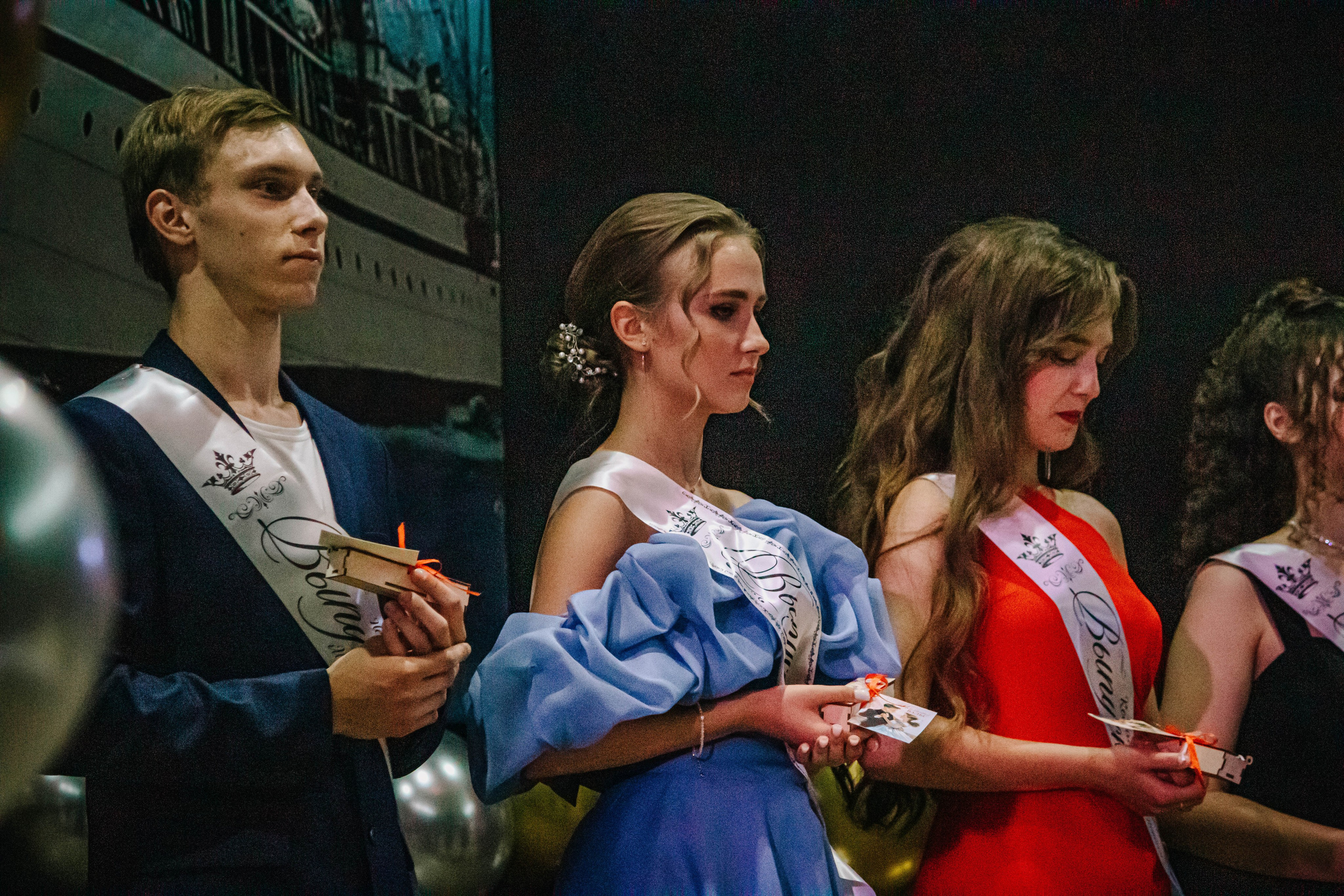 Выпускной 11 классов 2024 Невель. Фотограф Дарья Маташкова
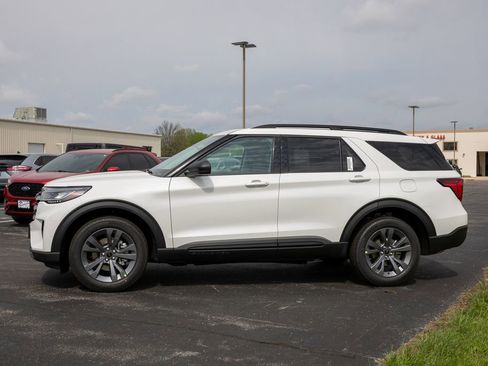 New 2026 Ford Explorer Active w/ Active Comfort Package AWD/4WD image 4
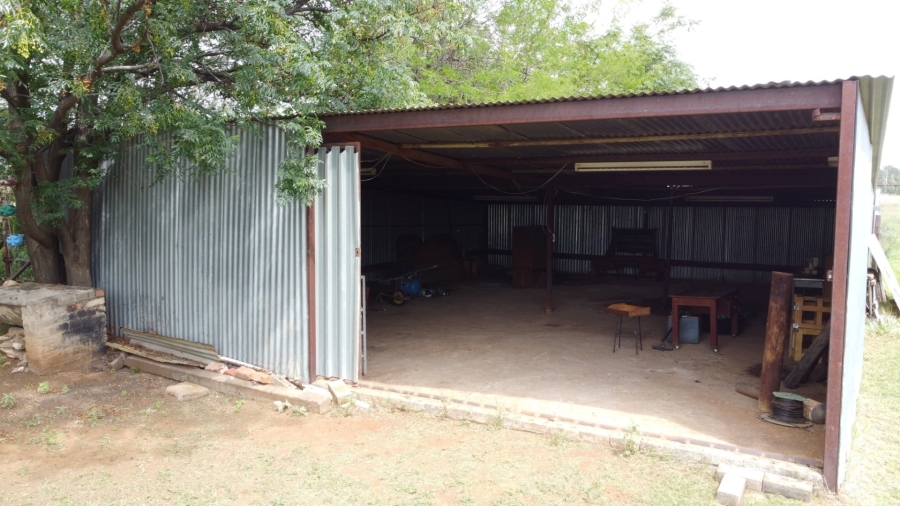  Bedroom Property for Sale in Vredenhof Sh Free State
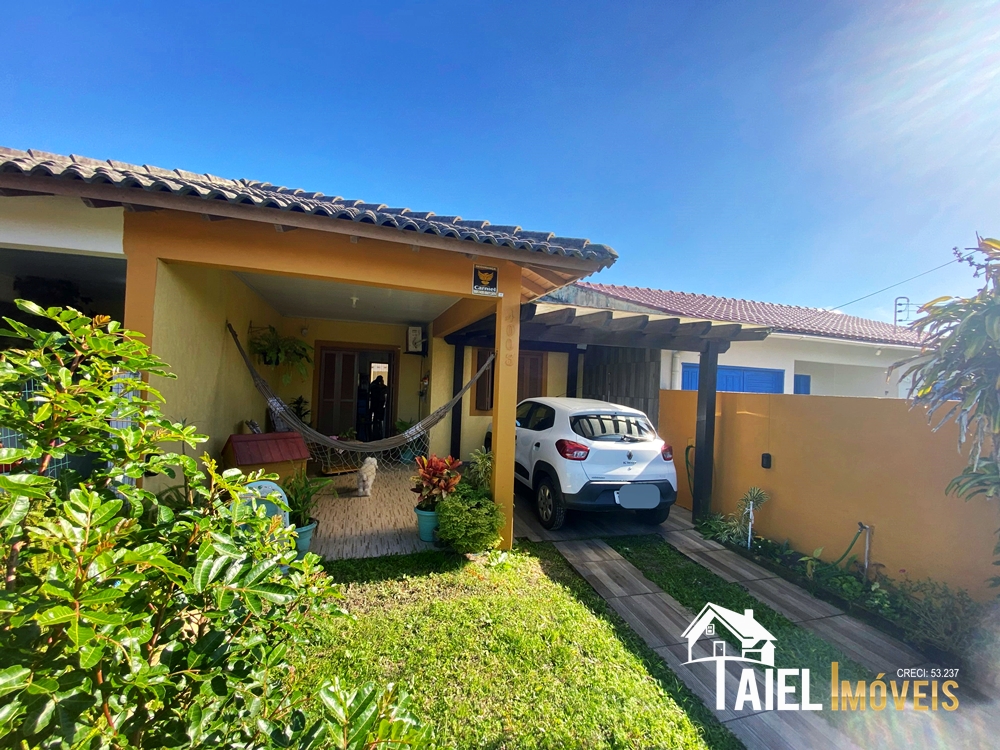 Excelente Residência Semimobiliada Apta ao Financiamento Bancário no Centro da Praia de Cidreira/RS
•••
__Task directions__
Transcribe only the lines from the line holding "Bedroom Property for" to the final line of the listing above. Keep them exact, include both ends, and skip the pictures.

__Answer space__
  Bedroom Property for Sale in Vredenhof Sh Free State
 Excelente Residência Semimobiliada Apta ao Financiamento Bancário no Centro da Praia de Cidreira/RS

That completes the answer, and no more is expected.